A speaker wired backwards (+ and - swapped): bass disappears in the middle where it overlaps the correctly wired box.
DI plus mic on one bass amp: a slight distance gap creates a comb-filtered, hollow tone.
Stereo signal collapsed to mono: out-of-phase content (some reverbs, fake stereo) vanishes.
Subs and mains overlapping at the crossover: wrong polarity carves a hole in the low end.
How it helps in live sound
When bass or vocals suddenly sound thin, hit the polarity (phase) button FIRST and keep whichever is louder/fuller.
Snare top and bottom mics: invert one (usually the bottom) every time.
Kick in + kick out, or DI + amp mic: check polarity and nudge mic position/delay for max punch.
Apply the 3:1 rule: second mic at least 3x the distance the first mic sits from the source.
Align subs to mains with a measurement tool (Smaart/REW) or by ear at the crossover; flip sub polarity if the low end is weak.
Suspect a backwards speaker cable if one box sounds bass-light next to its pair, and re-terminate the +/- conductors.
Everyday analogy
Like stacking a photo on its own perfect negative so the picture vanishes, or two people pushing a swing in exact opposite directions so it never moves.
Watch out
Myth: 'phase' and 'polarity' are the same.

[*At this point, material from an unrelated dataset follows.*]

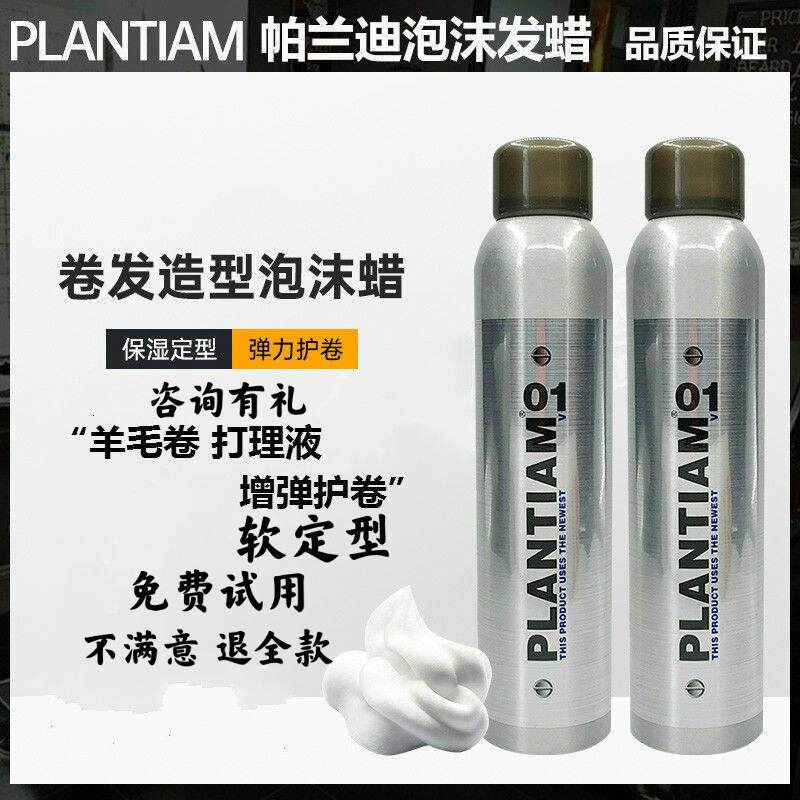 帕兰迪泡沫发蜡羊毛卷保湿卷发蓬松增亮泡泡软定型弹力素摩丝喷雾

Correction: the button labelled 'phase' actually flips POLARITY (an instant 180 deg invert at all frequencies); true phase shift comes from time delay and is frequency-dependent.
Fun fact
Active noise-cancelling headphones work ON PURPOSE by phase cancellation: a mic samples outside noise and the driver plays it back inverted (180 deg), erasing it before it reaches your ear.
Key takeaways
Same sound + opposite timing = it cancels; quiet, hollow, thin is the tell.
180 deg out = silence; 0 deg in = +6 dB louder.
Common causes: two mics on one source, a backwards-wired speaker, DI+mic combos.
Fix it fast: flip polarity on one signal and keep the fuller sound.
Low frequencies have long wavelengths, so bass shows cancellation worst and most audibly.